Fighters killed in Pakistan clash

Violence continues in Swat as pro-Taliban groups are accused of destroying schools.

    Several policemen were killed on Saturday by a remote-controlled bomb in Swat [EPA]

    School attacks

    On Saturday, officials said that pro-Taliban groups had destroyed 61 schools serving around 17,000 children in the valley.

    Five girls' schools were set on fire early on Sunday morning in the latest assault.

    Pro-Taliban fighters have threatened to launch suicide attacks across the country if the military failed to halt their operations against followers of Maulana Fazlullah, the Pakistan Taliban's leader in Swat who carries a four million rupee ($56,000) bounty on his head.

    In video

    Victims of the Swat Valley fighting

    More than 60 fighters loyal to Fazlullah have now been killed since Tuesday by government security forces, according to officials.

    Sunday's clashes erupted after pro-Taliban fighters in the area claimed responsibility for a bomb blast the day before that killed six policemen and three paramilitary soldiers.

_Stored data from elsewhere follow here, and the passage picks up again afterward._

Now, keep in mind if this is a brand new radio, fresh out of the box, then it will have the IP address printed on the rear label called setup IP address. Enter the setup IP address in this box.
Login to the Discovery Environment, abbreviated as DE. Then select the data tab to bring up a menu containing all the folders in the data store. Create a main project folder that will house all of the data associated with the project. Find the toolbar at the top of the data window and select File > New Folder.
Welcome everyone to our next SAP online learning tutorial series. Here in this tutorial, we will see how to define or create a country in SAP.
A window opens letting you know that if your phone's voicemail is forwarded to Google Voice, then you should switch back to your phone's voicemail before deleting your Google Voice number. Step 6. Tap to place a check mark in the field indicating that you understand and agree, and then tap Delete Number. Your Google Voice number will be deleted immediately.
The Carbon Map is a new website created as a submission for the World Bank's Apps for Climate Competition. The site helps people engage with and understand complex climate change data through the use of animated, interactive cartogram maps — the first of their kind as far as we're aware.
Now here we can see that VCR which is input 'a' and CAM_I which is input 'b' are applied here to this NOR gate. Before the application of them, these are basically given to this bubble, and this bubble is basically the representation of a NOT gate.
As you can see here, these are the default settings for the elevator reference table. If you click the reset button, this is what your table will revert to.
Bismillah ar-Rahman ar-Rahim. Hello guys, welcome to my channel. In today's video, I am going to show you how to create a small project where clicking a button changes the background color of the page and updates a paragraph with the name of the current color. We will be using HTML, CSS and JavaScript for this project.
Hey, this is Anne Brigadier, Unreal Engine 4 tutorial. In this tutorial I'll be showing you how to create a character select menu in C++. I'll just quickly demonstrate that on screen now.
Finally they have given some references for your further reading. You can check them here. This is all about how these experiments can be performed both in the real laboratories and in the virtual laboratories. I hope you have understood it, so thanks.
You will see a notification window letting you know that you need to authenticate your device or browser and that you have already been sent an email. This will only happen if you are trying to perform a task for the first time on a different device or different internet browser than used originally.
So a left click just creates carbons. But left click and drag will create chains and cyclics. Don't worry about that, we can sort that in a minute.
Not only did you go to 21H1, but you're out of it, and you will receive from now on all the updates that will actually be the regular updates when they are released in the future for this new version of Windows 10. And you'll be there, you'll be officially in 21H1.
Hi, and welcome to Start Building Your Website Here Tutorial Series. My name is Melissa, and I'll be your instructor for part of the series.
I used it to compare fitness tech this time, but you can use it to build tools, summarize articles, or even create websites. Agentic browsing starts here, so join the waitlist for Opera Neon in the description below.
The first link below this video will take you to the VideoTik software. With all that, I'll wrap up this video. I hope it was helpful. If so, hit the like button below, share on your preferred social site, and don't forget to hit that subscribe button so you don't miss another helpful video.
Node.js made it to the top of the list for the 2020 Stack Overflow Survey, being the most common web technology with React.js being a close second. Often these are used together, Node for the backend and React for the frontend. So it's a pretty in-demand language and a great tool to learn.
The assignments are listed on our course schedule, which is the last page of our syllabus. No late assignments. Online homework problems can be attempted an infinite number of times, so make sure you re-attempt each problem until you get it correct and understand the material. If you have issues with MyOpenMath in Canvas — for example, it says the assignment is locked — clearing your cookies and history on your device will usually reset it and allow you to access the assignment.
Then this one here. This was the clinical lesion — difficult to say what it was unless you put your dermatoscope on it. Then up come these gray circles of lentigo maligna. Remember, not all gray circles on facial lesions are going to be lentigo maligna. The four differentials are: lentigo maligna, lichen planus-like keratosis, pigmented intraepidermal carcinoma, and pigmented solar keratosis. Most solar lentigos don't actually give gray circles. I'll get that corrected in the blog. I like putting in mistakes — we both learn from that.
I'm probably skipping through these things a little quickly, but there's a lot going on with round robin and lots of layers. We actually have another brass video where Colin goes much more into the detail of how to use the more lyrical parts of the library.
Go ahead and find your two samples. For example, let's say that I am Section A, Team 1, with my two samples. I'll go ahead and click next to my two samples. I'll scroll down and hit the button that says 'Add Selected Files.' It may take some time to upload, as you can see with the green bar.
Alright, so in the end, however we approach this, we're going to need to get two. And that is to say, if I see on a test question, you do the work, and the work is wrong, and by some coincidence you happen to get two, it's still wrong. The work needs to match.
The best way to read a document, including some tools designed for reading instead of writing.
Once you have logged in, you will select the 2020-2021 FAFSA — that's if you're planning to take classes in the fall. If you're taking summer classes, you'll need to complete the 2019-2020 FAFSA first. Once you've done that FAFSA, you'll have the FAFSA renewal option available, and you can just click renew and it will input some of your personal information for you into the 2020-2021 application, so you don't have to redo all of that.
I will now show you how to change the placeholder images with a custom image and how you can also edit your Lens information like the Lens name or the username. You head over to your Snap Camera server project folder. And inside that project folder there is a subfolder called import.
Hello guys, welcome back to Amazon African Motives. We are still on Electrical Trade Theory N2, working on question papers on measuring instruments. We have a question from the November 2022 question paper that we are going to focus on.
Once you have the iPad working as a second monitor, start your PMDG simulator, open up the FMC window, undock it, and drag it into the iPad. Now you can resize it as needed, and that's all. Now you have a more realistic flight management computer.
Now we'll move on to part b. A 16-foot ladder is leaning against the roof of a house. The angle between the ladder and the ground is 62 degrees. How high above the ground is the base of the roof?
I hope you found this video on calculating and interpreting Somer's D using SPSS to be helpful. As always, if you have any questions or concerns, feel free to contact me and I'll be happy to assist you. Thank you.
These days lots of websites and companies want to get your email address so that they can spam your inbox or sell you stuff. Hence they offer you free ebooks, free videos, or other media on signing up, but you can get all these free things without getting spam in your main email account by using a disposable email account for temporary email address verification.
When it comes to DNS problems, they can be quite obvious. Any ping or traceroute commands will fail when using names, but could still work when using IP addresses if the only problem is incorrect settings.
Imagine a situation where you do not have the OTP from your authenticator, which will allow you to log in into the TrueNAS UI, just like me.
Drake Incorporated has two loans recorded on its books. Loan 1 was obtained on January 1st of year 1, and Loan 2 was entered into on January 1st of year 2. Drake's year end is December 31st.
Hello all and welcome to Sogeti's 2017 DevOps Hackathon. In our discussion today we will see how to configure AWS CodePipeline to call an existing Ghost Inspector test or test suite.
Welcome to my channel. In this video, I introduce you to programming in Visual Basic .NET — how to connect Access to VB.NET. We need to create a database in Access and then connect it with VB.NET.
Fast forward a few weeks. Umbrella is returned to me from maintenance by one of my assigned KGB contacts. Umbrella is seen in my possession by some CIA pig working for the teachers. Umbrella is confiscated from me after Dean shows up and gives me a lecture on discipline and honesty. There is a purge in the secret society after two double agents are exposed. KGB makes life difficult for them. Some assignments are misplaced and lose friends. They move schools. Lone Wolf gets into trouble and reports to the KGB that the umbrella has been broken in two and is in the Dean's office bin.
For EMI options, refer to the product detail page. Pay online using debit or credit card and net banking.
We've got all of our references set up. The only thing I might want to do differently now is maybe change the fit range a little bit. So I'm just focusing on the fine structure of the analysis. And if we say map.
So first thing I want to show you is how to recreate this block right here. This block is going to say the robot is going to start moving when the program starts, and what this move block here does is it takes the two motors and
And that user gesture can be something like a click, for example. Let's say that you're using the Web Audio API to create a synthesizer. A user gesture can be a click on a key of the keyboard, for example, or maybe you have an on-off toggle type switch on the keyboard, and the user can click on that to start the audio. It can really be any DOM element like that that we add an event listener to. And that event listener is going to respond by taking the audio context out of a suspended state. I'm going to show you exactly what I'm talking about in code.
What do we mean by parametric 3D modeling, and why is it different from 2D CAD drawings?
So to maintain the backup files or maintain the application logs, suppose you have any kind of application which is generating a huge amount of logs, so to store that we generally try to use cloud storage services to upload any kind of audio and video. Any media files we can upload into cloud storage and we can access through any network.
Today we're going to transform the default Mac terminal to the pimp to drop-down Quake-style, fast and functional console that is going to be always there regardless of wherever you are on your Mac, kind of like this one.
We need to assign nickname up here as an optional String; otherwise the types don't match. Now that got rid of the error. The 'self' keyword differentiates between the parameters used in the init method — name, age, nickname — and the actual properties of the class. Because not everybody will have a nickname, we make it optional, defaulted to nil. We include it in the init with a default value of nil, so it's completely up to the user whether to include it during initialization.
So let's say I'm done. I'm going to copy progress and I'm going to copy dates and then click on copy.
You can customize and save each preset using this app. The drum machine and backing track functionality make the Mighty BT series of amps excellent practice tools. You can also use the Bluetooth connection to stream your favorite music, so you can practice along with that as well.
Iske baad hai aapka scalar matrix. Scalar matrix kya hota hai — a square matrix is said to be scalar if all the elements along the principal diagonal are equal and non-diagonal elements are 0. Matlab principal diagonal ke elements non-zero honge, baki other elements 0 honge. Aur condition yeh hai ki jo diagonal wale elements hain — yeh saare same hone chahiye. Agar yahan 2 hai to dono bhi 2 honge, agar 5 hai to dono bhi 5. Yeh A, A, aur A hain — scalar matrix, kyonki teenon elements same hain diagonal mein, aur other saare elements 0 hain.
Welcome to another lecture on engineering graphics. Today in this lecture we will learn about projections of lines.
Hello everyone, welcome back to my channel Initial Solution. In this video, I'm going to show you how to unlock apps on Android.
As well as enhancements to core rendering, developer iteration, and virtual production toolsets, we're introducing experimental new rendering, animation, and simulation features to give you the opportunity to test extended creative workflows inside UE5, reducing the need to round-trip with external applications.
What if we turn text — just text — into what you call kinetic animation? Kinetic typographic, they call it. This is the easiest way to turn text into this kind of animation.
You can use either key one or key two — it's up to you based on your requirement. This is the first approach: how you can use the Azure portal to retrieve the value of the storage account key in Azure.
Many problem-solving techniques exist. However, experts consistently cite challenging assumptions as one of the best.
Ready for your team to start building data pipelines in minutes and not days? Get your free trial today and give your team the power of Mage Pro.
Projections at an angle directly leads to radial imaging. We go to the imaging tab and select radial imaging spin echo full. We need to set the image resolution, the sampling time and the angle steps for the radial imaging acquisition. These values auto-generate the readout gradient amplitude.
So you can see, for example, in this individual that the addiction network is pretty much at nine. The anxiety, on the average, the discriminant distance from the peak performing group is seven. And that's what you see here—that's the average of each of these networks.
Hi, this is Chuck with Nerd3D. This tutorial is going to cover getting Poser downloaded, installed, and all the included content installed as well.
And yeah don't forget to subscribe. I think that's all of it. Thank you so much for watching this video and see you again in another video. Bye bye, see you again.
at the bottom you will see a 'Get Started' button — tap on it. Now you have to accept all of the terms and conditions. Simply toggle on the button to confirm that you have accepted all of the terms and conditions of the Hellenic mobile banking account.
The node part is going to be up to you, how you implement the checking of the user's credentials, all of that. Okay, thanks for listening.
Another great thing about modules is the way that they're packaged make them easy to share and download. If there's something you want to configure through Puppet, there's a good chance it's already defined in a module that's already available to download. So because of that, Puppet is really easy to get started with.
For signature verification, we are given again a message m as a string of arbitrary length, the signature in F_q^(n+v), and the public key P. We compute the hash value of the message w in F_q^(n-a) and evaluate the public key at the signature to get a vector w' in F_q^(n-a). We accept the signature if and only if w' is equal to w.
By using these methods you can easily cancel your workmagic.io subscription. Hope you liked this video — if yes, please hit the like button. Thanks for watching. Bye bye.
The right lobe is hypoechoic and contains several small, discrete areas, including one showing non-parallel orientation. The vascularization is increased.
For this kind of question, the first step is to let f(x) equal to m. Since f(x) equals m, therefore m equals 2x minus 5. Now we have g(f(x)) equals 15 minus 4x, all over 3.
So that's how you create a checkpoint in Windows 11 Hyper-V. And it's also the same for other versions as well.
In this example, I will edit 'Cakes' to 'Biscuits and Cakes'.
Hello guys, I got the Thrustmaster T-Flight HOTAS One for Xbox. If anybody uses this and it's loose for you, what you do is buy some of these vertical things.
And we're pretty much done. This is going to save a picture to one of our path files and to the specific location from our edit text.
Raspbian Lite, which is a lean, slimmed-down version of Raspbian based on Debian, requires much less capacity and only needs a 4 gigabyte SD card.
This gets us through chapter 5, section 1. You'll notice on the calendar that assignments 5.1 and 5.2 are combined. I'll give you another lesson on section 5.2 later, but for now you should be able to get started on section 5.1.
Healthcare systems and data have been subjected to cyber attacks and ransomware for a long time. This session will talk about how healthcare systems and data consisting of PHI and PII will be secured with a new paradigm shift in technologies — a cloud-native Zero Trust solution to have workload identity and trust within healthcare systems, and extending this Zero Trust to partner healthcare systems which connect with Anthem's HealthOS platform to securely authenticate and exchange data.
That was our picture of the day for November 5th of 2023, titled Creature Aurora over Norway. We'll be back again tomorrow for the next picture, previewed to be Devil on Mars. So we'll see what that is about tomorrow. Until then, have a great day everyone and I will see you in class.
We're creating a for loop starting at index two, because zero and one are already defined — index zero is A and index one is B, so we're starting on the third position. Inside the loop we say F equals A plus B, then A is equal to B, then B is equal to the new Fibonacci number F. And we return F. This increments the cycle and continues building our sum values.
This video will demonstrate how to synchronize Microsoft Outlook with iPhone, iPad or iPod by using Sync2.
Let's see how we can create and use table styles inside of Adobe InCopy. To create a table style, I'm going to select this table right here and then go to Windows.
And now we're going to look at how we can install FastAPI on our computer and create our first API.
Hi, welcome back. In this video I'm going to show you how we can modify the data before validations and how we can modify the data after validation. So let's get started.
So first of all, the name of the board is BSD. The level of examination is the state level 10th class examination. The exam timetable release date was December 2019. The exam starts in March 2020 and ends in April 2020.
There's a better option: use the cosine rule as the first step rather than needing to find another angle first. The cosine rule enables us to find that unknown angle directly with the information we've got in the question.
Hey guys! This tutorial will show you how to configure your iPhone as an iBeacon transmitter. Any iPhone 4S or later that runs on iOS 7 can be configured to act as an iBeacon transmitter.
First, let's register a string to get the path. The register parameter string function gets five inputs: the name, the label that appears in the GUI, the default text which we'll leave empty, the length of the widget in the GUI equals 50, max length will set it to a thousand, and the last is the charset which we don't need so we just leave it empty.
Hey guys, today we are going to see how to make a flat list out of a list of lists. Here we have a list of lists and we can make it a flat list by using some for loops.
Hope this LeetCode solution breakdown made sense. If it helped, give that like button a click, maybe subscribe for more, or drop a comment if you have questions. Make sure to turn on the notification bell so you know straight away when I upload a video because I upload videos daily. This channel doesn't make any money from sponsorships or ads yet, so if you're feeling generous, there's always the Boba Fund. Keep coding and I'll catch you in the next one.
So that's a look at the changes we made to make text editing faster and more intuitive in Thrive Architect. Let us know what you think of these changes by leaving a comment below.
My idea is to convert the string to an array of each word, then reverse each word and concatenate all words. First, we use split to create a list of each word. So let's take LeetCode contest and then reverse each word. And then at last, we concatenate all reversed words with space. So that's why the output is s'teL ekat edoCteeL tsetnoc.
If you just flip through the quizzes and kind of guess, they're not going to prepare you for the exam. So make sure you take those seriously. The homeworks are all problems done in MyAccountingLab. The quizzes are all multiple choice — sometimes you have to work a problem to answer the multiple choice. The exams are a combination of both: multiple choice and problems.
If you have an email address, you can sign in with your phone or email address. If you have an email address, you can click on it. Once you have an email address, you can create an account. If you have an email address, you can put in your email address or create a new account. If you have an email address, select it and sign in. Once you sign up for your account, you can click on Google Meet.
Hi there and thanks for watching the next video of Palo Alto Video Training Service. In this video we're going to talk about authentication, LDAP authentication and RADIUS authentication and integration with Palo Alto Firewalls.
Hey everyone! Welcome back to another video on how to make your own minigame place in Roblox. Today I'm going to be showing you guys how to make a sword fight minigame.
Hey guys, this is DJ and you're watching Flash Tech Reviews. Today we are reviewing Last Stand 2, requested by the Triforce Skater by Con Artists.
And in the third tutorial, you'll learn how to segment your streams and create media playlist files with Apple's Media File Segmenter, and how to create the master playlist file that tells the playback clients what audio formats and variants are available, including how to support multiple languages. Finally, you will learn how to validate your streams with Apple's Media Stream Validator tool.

    Officials said the remote-controlled bomb, which also wounded five policemen, was set off as the group returned to base after a search operation in the Kabal district.

    Police said that two suspects had been arrested in connection with Saturday's blast.

    "We carried out the bombing which killed the policemen," Muslim Khan, a spokesman for one of the largest pro-Taliban groups in the Swat valley, said in telephone calls to reporters.

    He said the fighters were justified in launching such attacks because security forces were killing them.

    Swat exodus

    Hundreds of residents have fled their homes in Swat in the wake of violent clashes, witnesses said.

    The mountainous region was a thriving tourist resort until last year, when Fazlullah launched an armed campaign to enforce sharia law in the region.

    Under the May peace deal, the government agreed to gradually pull out troops and introduce an Islamic justice system. In exchange, pro-Taliban fighters said they would halt attacks and surrender arms.

    "Who killed the innocent people they are bombing and they are shelling from helicopters? It is the Pakistani army," Muslim told Al Jazeera last week.

    "I don't want America in my country and I don't want our soldiers to work for America and I want the rules and regulations of Islamic sharia.

    "Our government is following rules and regulations of America and we want to change it."